I am on a bit of a Cheshire twitch this year (usually get around 160 to 170 species and was looking to see if it was possible to push closer to 200) and to be honest, I was looking for Ringed Plover. I always seem to draw a blank on those in Cheshire. Iit was lovely sitting watching the ducks on the Weaver for an hour.
Observer and images: Andrew Emmerson.
A big walk around the marsh produced the goods. I made my way along Brook Furlong Lane just as the shooters were commencing their activities. The sound of gun fire sent all the ducks sheltering from the keen westerly wind back to the Weaver Estuary.
A flock of c200 Tufted Duck, 32 common Pochard, 12 Gadwall, 21 Mallard, 16 Common Goldeneye and 2 female Greater Scaup were doing their best to shelter from the wind and choppy waters.
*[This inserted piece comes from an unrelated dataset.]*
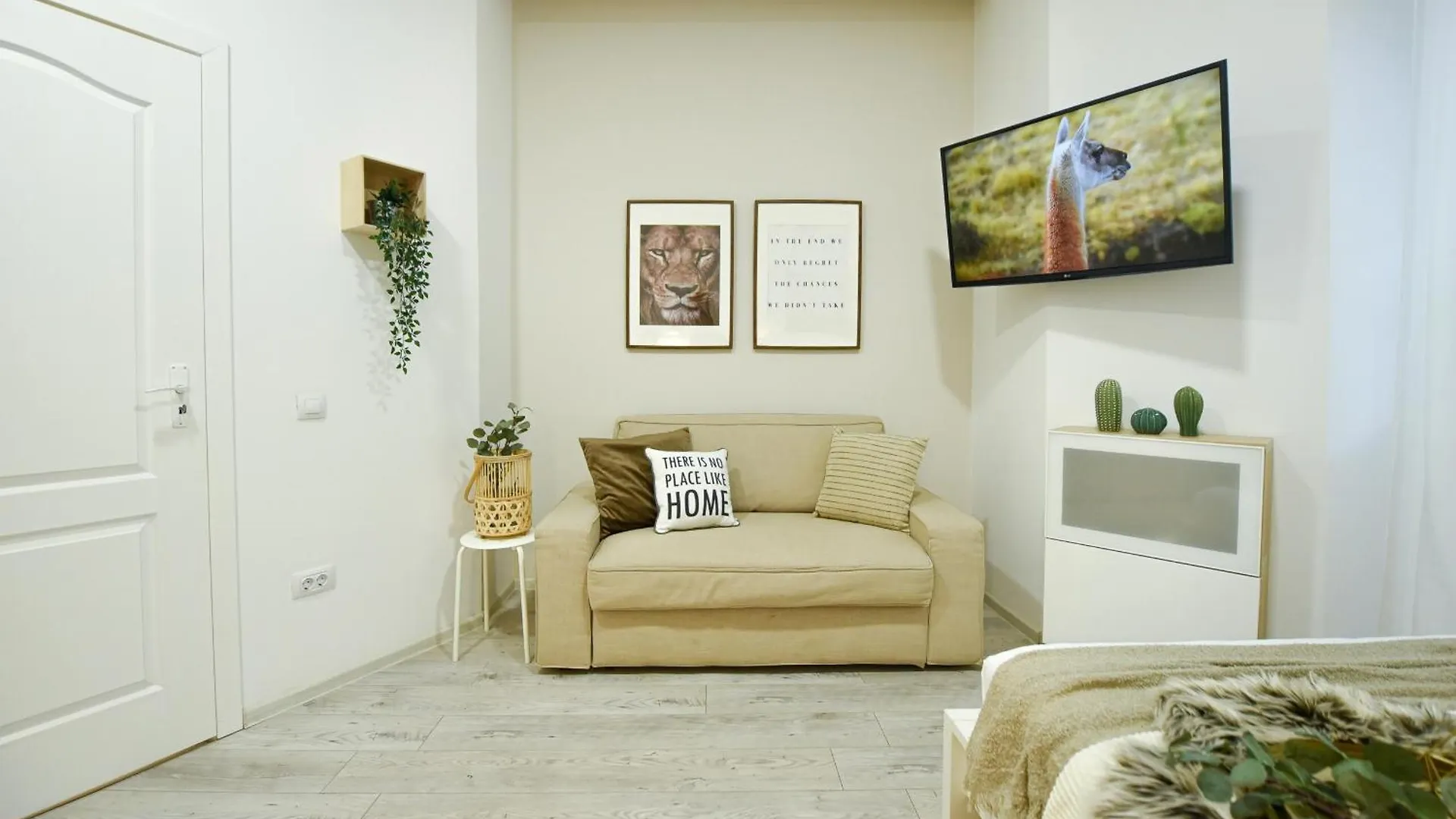 Ideal Home - Spacious & Modern Accommodation Near Unirii Square Bucharest Romania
After a long wait on the banks of the River Weaver a very inquisitive female Long-tailed Duck couldn’t resist my presence and boldy swam within 20 metres. Unfortunately the sunlight was directly above my phone/scope compbo and it was difficult to focus (as per images). I had better luck with the Common Ringed Plovers though.
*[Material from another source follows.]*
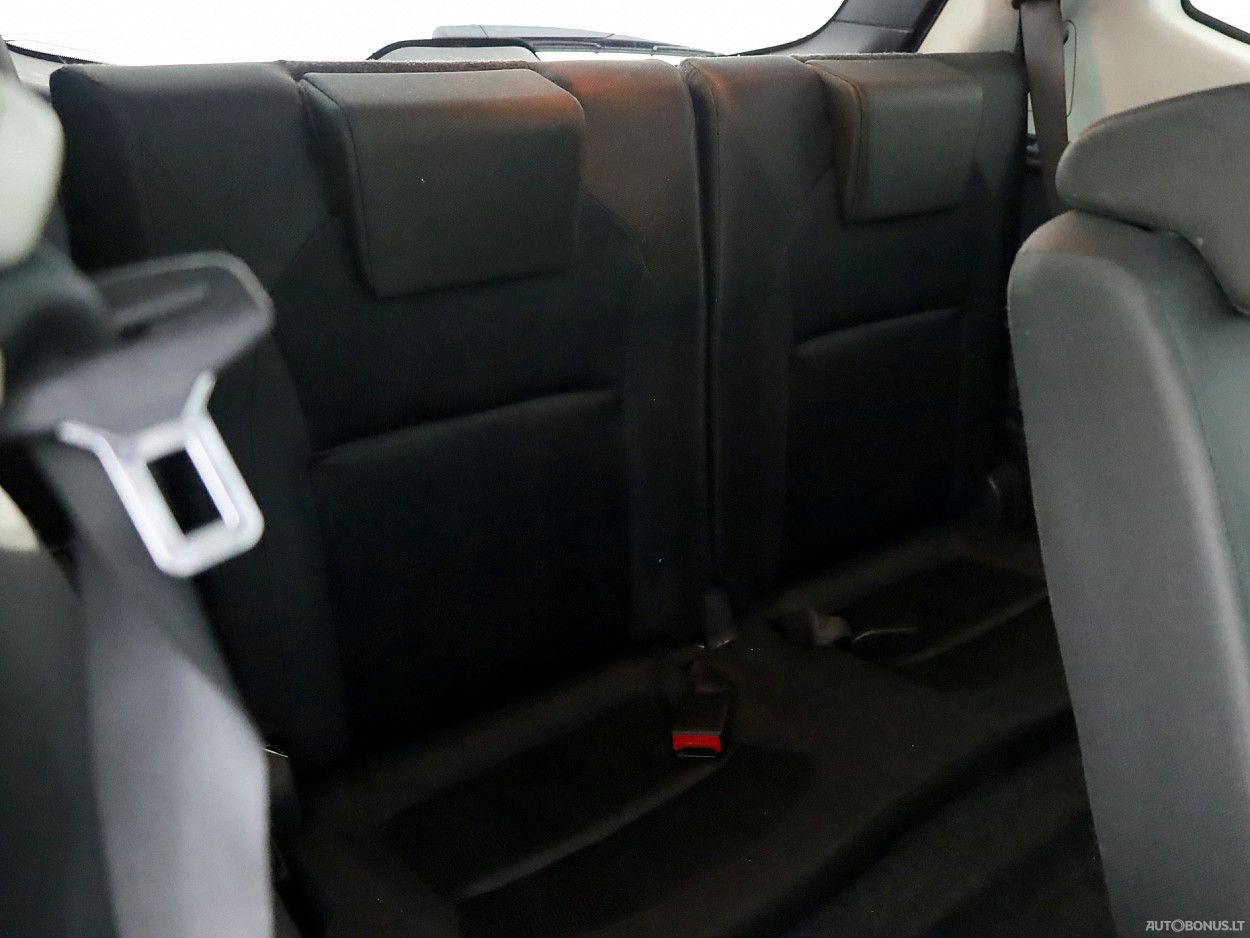 Nissan Qashqai+2 | 7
A small flock of agitated Common Redshank were keeping their distance while the pair of Common Ringed Plover were very photogenic.
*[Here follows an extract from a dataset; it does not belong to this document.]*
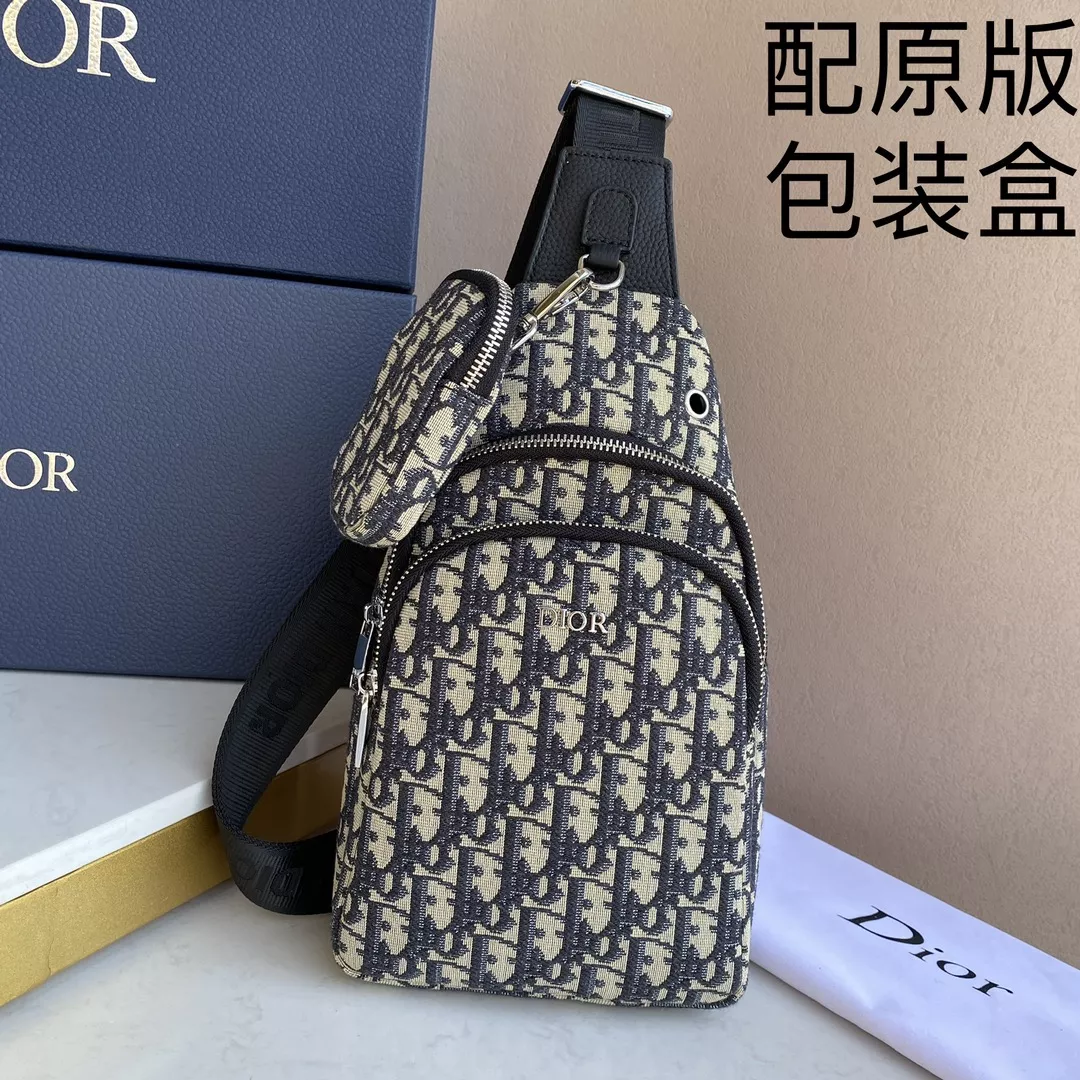 Trendy 1646 Christian Dior AAA Man Messenger Bags - Image 3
Watching all this from her lofty sentinal on top of the blue chimney at Weston Point (the highest structure around these here parts) was the Peregrine.
A pair each of Common Stonechat and Eurasian Greenfinch, an excitable Cetti’s Warbler and a sub-singing Eurasian Skylark were extra distractions.
A walking to Marsh Farm again saw the 3 Western Cattle Egret with a herd of straw munching cattle. A fairly large gathering of Eurasian Wigeon were hiding in the shallow scrapes on No.3 tank.
My walk continued out to the Manchester Ship Canal where I set up and scanned across to Frodsham Score. The usual c1000 Canada Goose were scattered across the area with just a small flock of Pink-footed Goose. A flock of 66 European Golden Plover were very much reduced. Several Little Egret were popping up from the filling tidal gutters but no sign of any Great Egret. The incoming tide out on the River Mersey was forcing thousands of Dunlin from their slumber out at Manisty, but they were too far away for a decent view. A male Western Marsh Harrier drifted across the score embankments and moved off to No.6 tank to join another there and a pair of Common Buzzard were displaying overhead.
The light was ebbing away from the day so I made a quick dash over to view the fields of Lordship Marsh and was rewarded with 12 Whooper Swan and 4 Mute Swan.
Observer and images: WSM.
I had the last hour of light around No.6 tank where the usual ducks were on the water and included Tufted Duck, Mallard, Northern Shoveler, Common Sochard and Gadwall. A Marsh Harrier flushed the Eurasian Teal and Eurasian Coot from the shallows and they settled on the open water. Both Common Buzzard and European Kestrel were hunting over the reed bed and a mixed flock of Redwing and Fieldfare fed with the Eurasian Starling on No.3 tank which massed headed to their roost flying east along the Manchester Ship Canal and were followed by 5 Mute Swan heading to the River Weaver for the night. There were 9 Mute Swan n the field alongside Lordship Lane and the Whooper Swan herd were near the Hillview Farm.
Observer: Paul Ralston.
While Paul was doing his thang by No.6 tank we headed to Marsh Farm where the bleating of newly born lambs rang out over No.1 tank. A pair of European Stonechat were along Alder Lane while a Common Chiffchaff was contact calling at the old birdlog.
We walked out to Marsh Farm and could see in the distance perhaps the same Marsh Harrier PR had seen on No.6 tank. The three Cattle Egret were a little further out by the Canal Pools and the Eurasian Starling headed low overhead and disappeared into the gloom.
Back at the bridge that crosses the M56 at Brook Furlong Lane and two presumed Pipistrelle Bat were hawking over our heads.
Observers: JS & WSM (image and Gif).